• **INFORMATION GIVEN**:

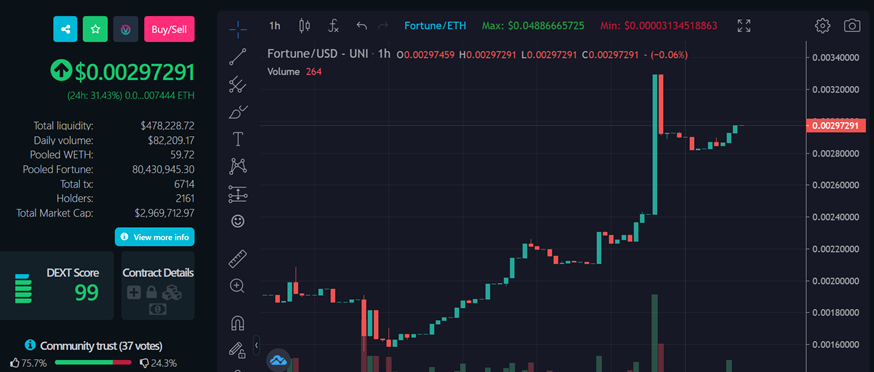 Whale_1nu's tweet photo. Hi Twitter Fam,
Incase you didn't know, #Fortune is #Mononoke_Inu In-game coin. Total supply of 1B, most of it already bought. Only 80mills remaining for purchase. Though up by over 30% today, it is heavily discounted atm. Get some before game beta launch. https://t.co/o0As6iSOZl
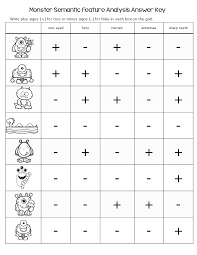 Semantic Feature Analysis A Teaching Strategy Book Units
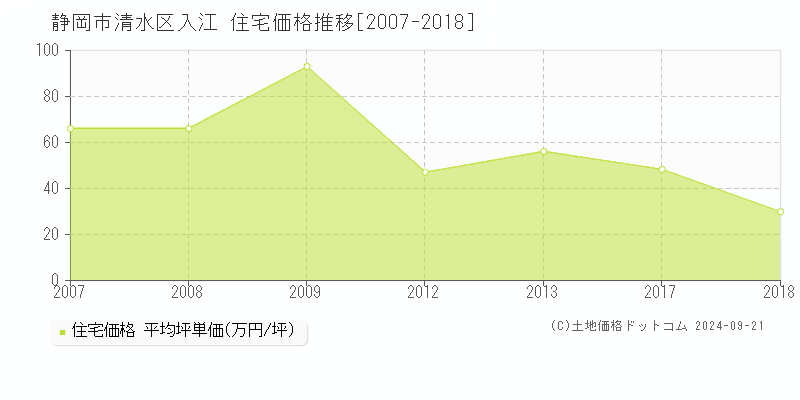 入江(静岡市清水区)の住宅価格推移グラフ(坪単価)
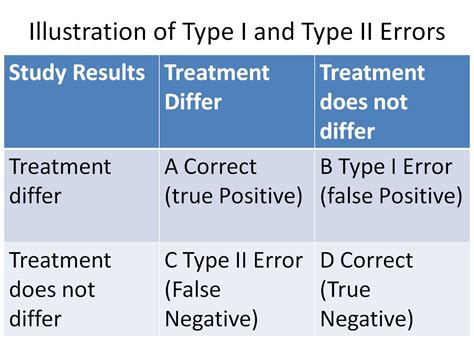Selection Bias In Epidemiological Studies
--
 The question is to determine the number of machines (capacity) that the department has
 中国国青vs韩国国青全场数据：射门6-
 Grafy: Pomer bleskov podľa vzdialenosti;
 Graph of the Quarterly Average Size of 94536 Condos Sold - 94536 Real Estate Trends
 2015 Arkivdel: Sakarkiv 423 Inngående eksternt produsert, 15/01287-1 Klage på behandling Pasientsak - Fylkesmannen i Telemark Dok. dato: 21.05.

• **TASK OBJECTIVE**:
Print nothing but the lines above starting with the line that contains "Whale_1nu's tweet photo." and going on through the line that contains "Selection Bias In Epidemiological Studies". Leave out the pictures.

• **EXERCISE SOLUTION**:
 Whale_1nu's tweet photo. Hi Twitter Fam,
Incase you didn't know, #Fortune is #Mononoke_Inu In-game coin. Total supply of 1B, most of it already bought. Only 80mills remaining for purchase. Though up by over 30% today, it is heavily discounted atm. Get some before game beta launch. https://t.co/o0As6iSOZl
 Semantic Feature Analysis A Teaching Strategy Book Units
 入江(静岡市清水区)の住宅価格推移グラフ(坪単価)
Selection Bias In Epidemiological Studies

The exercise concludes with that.